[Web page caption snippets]
□ □ □ □ □ □ □

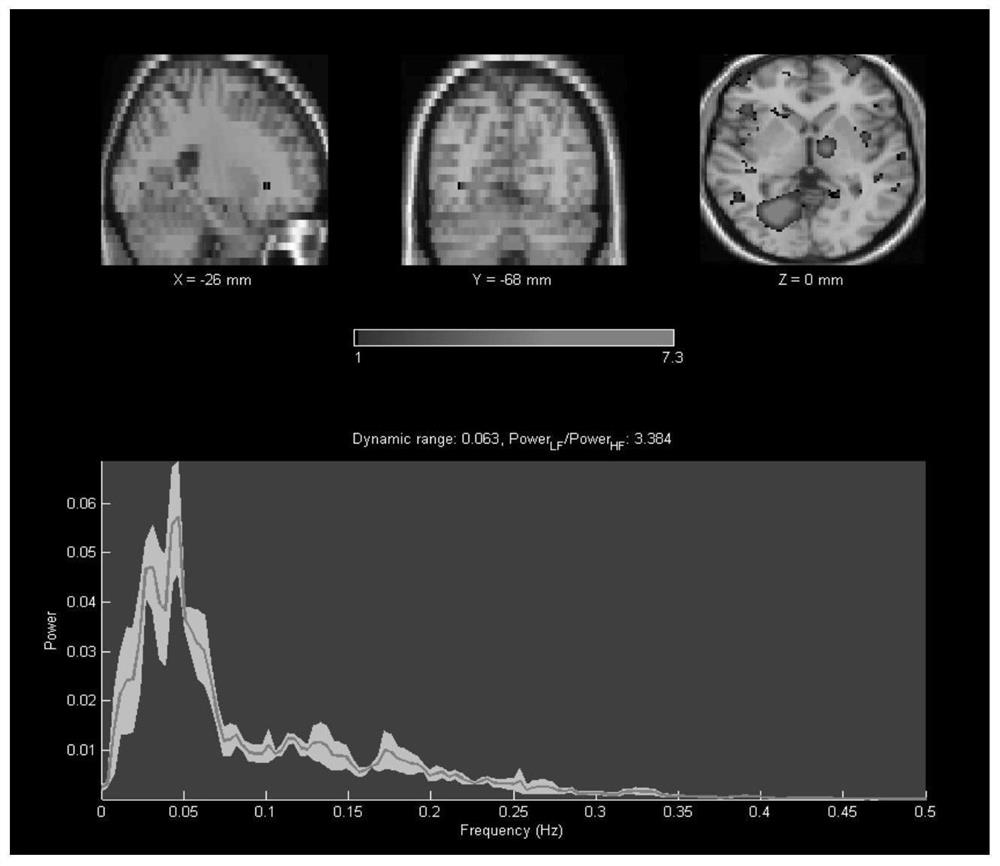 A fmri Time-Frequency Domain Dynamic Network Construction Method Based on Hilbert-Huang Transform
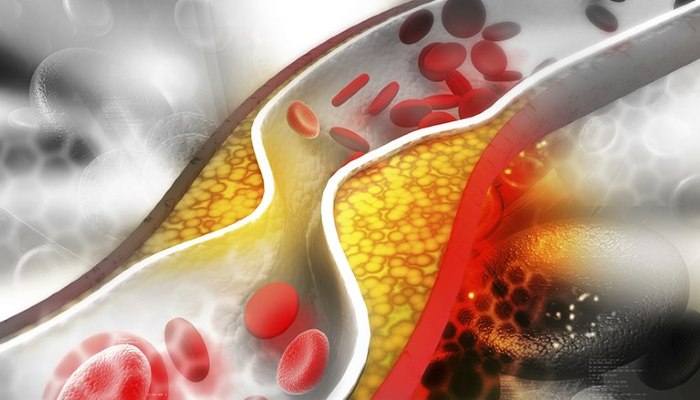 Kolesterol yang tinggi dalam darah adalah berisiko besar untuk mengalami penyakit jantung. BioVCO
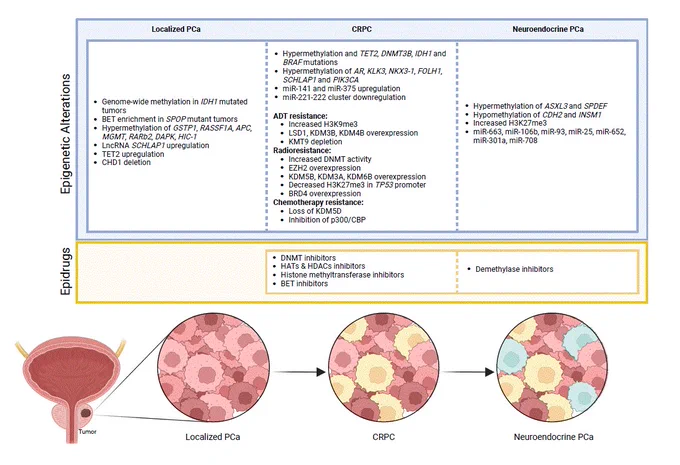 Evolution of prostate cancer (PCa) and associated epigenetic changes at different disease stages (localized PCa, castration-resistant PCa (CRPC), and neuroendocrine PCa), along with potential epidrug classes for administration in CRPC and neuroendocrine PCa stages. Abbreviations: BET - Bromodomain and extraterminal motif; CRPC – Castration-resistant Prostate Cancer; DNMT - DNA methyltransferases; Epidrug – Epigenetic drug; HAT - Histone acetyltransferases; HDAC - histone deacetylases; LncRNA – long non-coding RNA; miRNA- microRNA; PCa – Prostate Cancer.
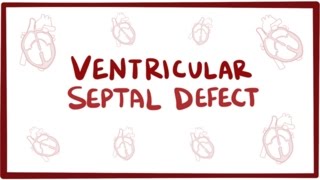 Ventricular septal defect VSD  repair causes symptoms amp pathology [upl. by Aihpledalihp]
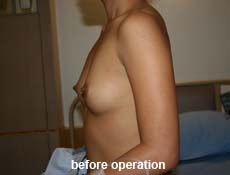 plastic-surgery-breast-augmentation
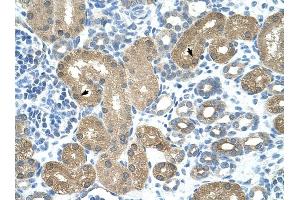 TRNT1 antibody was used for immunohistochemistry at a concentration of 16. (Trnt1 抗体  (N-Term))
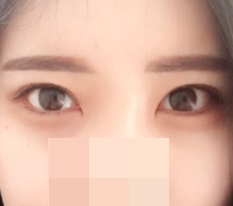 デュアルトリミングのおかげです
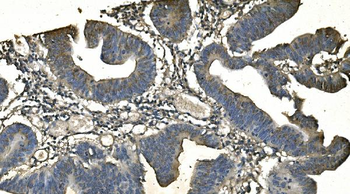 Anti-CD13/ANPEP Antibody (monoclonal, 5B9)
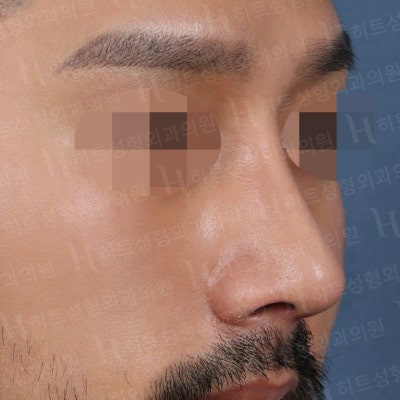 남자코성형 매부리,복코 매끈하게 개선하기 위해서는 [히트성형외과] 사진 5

□ □ □ □ □ □ □

[WORK INSTRUCTION]: Each entry above must be set down word for word; none of its pictures belong in the copy.

[TASK OUTPUT]:
 A fmri Time-Frequency Domain Dynamic Network Construction Method Based on Hilbert-Huang Transform
 Kolesterol yang tinggi dalam darah adalah berisiko besar untuk mengalami penyakit jantung. BioVCO
 Evolution of prostate cancer (PCa) and associated epigenetic changes at different disease stages (localized PCa, castration-resistant PCa (CRPC), and neuroendocrine PCa), along with potential epidrug classes for administration in CRPC and neuroendocrine PCa stages. Abbreviations: BET - Bromodomain and extraterminal motif; CRPC – Castration-resistant Prostate Cancer; DNMT - DNA methyltransferases; Epidrug – Epigenetic drug; HAT - Histone acetyltransferases; HDAC - histone deacetylases; LncRNA – long non-coding RNA; miRNA- microRNA; PCa – Prostate Cancer.
 Ventricular septal defect VSD  repair causes symptoms amp pathology [upl. by Aihpledalihp]
 plastic-surgery-breast-augmentation
 TRNT1 antibody was used for immunohistochemistry at a concentration of 16. (Trnt1 抗体  (N-Term))
 デュアルトリミングのおかげです
 Anti-CD13/ANPEP Antibody (monoclonal, 5B9)
 남자코성형 매부리,복코 매끈하게 개선하기 위해서는 [히트성형외과] 사진 5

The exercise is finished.